The action arose when Meyers received a printed receipt from the defendant restaurant that did not truncate his payment card’s expiration date, as FACTA requires.  (Meyers, slip op. at 2.) Meyers brought suit on behalf of himself and others similarly situated.  The U.S. District Court for the Eastern District of Wisconsin denied Meyers’ motion for class certification, and Meyers appealed to the Seventh Circuit. (Id. at 3.)

Without addressing the class certification issue, the court held that Meyers lacked Article III standing.  Quoting Spokeo’s admonition that “concrete injury is required ‘even in the context of a statutory violation’” (id. at 5 (quoting Spokeo, 136 S. Ct. at 1549)), the court analogized Meyers’ receipt to the Supreme Court’s hypothetical, in Spokeo, of an incorrectly-reported zip code. Without alleging an actual harm of the kind FACTA was intended to address (that is, an actual risk of identity theft), the Court determined that Meyers had no standing to maintain his action. (Id. at 7.)

When the Supreme Court decided Spokeo, some observers suggested that the opinion did not represent an across-the-board victory for defendants in statutory violation cases.  In the seven months since the issuance of Spokeo, however, the federal courts of appeals consistently have found a lack of standing in privacy and other statutory claims.  (See Hancock v. Urban Outfitters, Inc., 830 F.3d 511, 514 (D.C. Cir. 2016) (District of Columbia consumer protection statute); Lee v. Verizon Comms., Inc., 837 F.3d 523, 529-30 (5th Cir. 2016) (ERISA); Braitberg v. Charter Comms., Inc., 836 F.3d 925, 930-31 (8th Cir. 2016) (Cable Communications Policy Act); Nicklaw v. Citimortgage, Inc., 839 F.3d 998, 1102-03 (11th Cir. 2016) (state satisfaction-of-mortgage statute).)  With the Meyers opinion, the Seventh Circuit now joins these other circuit courts in strictly applying the Spokeo ruling.

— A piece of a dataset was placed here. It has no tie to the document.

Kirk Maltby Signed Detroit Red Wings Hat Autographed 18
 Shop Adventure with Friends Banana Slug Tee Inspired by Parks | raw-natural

Taken together, these decisions and Meyers reinforce Spokeo’s holding that a violation of a statute, without more, may not be sufficient to grant standing, and suggest that plaintiffs who cannot show specific facts supporting their particularized injuries will face a steeper path to reach a jury.  This fact-based requirement, in turn, will likely hinder class certifications, which may be unable to show that issues common to the entire class still “predominate over” these individualized facts. (Fed. R. Civ. Pro. 23(b)(3).)